Please repeat exactly the lines below from the line with "Formschöner und gut" to the line with "Trendyol Pyjama in Schwarz", including both, and leave out every picture.

### Entries shown
---------------
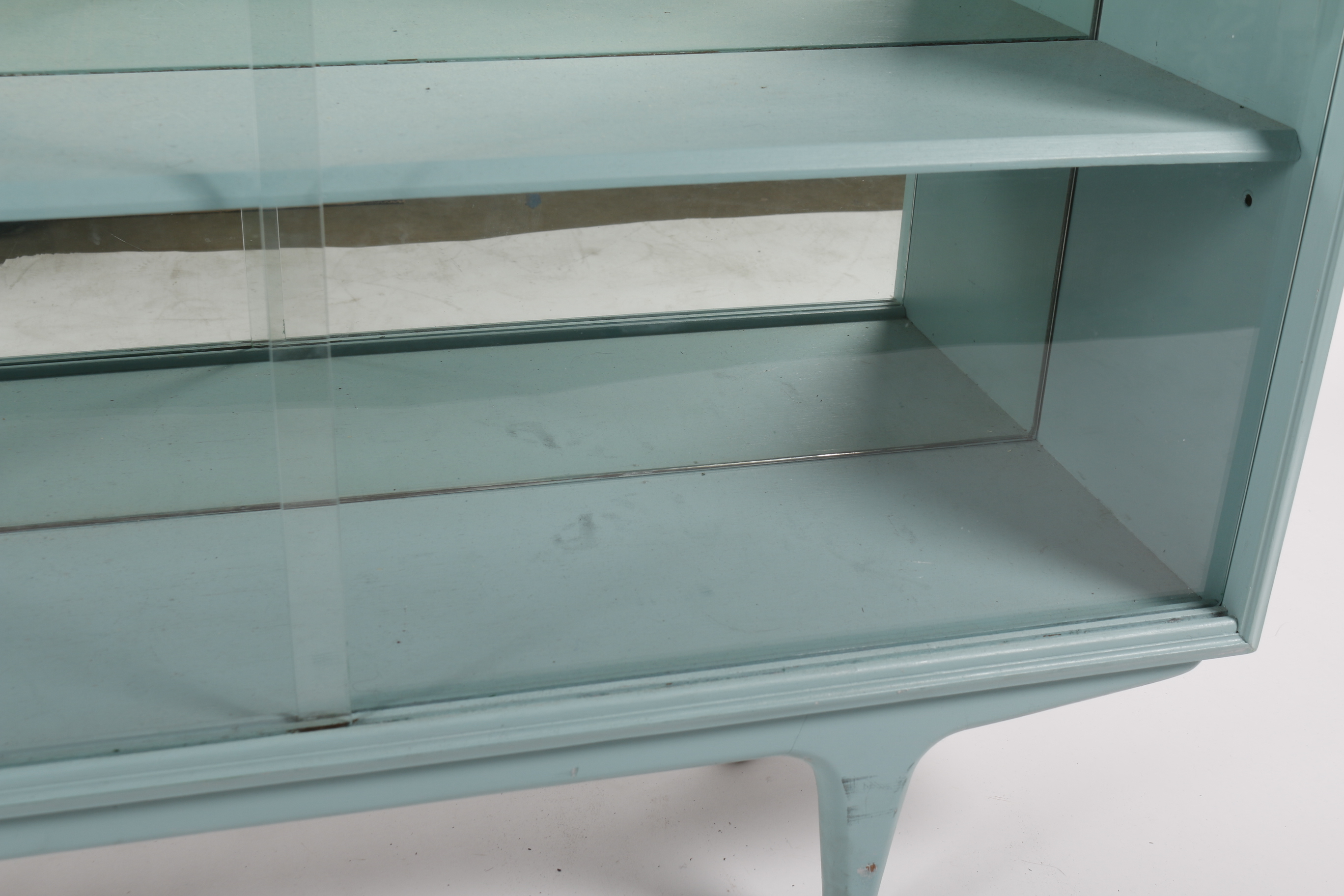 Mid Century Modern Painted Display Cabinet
---------------
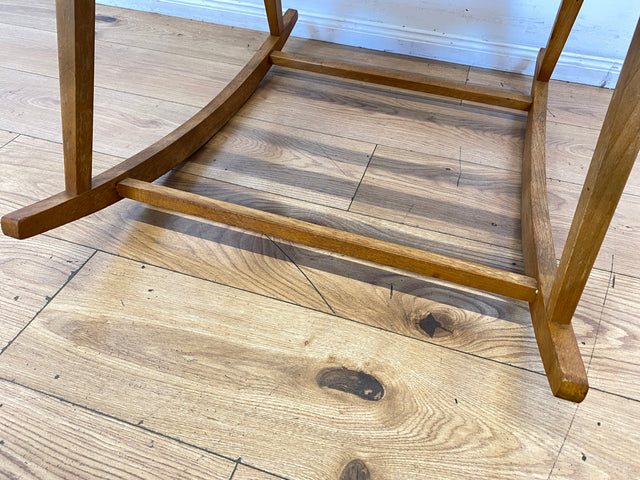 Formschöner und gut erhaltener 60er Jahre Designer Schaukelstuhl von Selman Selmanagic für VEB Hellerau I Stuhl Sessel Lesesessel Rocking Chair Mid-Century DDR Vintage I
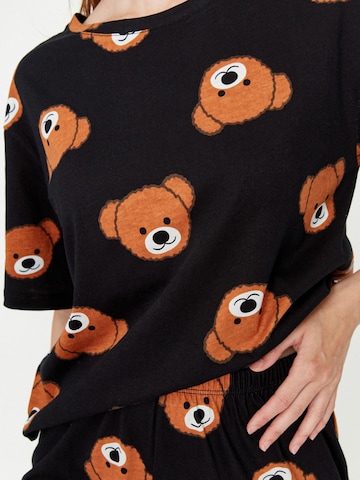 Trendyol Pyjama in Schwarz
---------------
### Response for this exercise
 Formschöner und gut erhaltener 60er Jahre Designer Schaukelstuhl von Selman Selmanagic für VEB Hellerau I Stuhl Sessel Lesesessel Rocking Chair Mid-Century DDR Vintage I
 Trendyol Pyjama in Schwarz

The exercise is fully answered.